CMS has determined that the denominator counts for the Percent of Residents or Patients with Pressure Ulcers That Are New or Worsened (NQF #0678) on the home health Review and Correct reports are incorrect. Specifically, they do not include episodes where M1313 was coded as a valid skip, when the response to M1306 was “0” (No). The numerator counts on these reports were calculated correctly. The forthcoming confidential feedback reports for this measure (the HH on-demand Risk Adjusted Outcome Reports), as well as public reporting on Home Health Compare starting in 2019, will both correctly incorporate episodes with valid skips in the denominator. 

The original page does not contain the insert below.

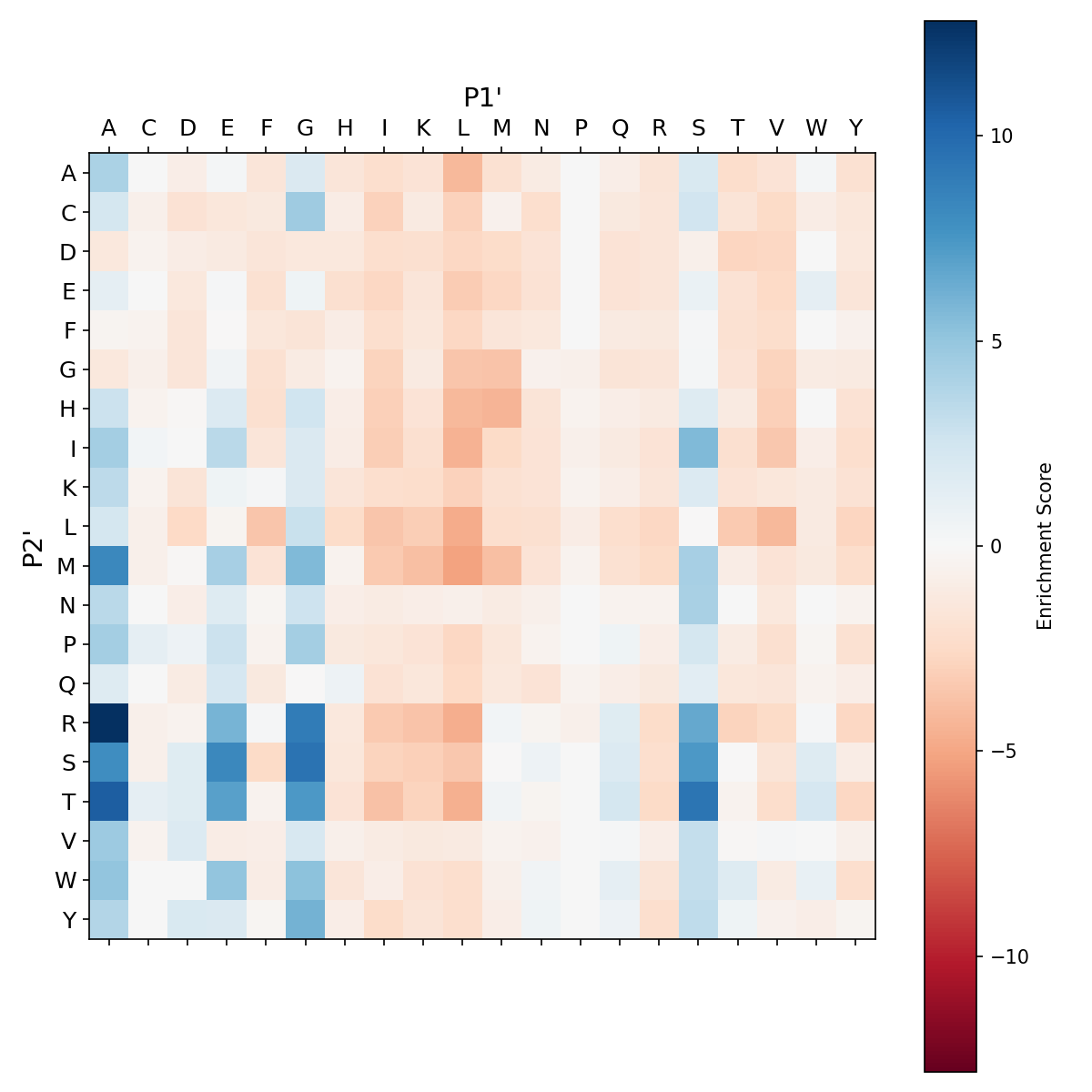Heatmap for degra_F189S_Y217K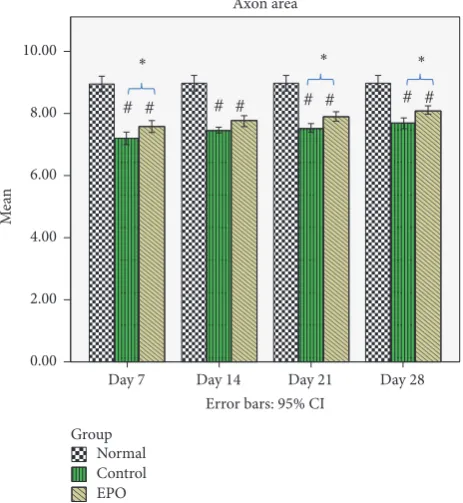 Figure 4: Mean axon area. The graph shows the value of the MeanAxon Area (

As a result, HHAs can expect to see much lower rates for the measure relative to the values on their Review and Correct reports to date. The Review and Correct reports going forward will also include this update. As a result, measure calculation will be standardized across post-acute care settings.

January 02, 2018

Home Health QRP: Transcript and Audio from Removal of Influenza Vaccination Measure from Quality of Patient Care Star Rating Webinar Available

An audio recording and transcript is now posted in the related links section of the Home Health Quality Reporting Program Training webpage for the December 14, 2017 webinar on Removal of Influenza Vaccination Measure from Quality of Patient Care Star Rating.

December 20, 2017

NEW TRAINING EVENT — Section GG Web-based Training Module Now Available

The Centers for Medicare & Medicaid Services (CMS) is offering a web-based training module to address questions submitted by providers during trainings between November 2015 and August 2016 related to Section GG across the Skilled Nursing Facility (SNF), Long-Term Care Hospital (LTCH), Inpatient Rehabilitation Facility (IRF), and Home Health (HH) care settings. Visit the Home Health Quality Reporting Training webpage for more information.

November 01, 2017

A Quick Reference Guide for the Home Health QRP is now available on the Home Health Quality Reporting Requirements webpage. The guide includes frequently asked questions, information on QRP help desks, and helpful links to additional resources for the Home Health QRP.

August 31, 2017

Expansion of the One Clinician Convention

Further guidance related to application of the Home Health one clinician convention has been posted to the downloads section of the OASIS User Manuals webpage. If providers have questions after reviewing the guidance instructions, questions may be submitted to the Home Health Quality Help Desk at homehealthqualityquestions@cms.hhs.gov.

August 08, 2017

One Clinician Rule

Based on feedback from home health stakeholders, and to better align with assessment practices in other Post-Acute Care settings, we have modified the current home care guidance related to the one clinician convention. As required by the Conditions of Participation, the Comprehensive Assessment will continue to be the responsibility of one clinician. However, effective January 1, 2018, the assessing clinician will be allowed to elicit feedback from other agency staff, or order to complete any or all OASIS items integrated within the Comprehensive Assessment.

Again, this new guidance will go into effect January 1, 2018, and at the time should be considered to supersede all previously published guidance related to application of the one clinician convention. Additional clarification is available in Chapter 1 of the 2018 OASIS Guidance Manual.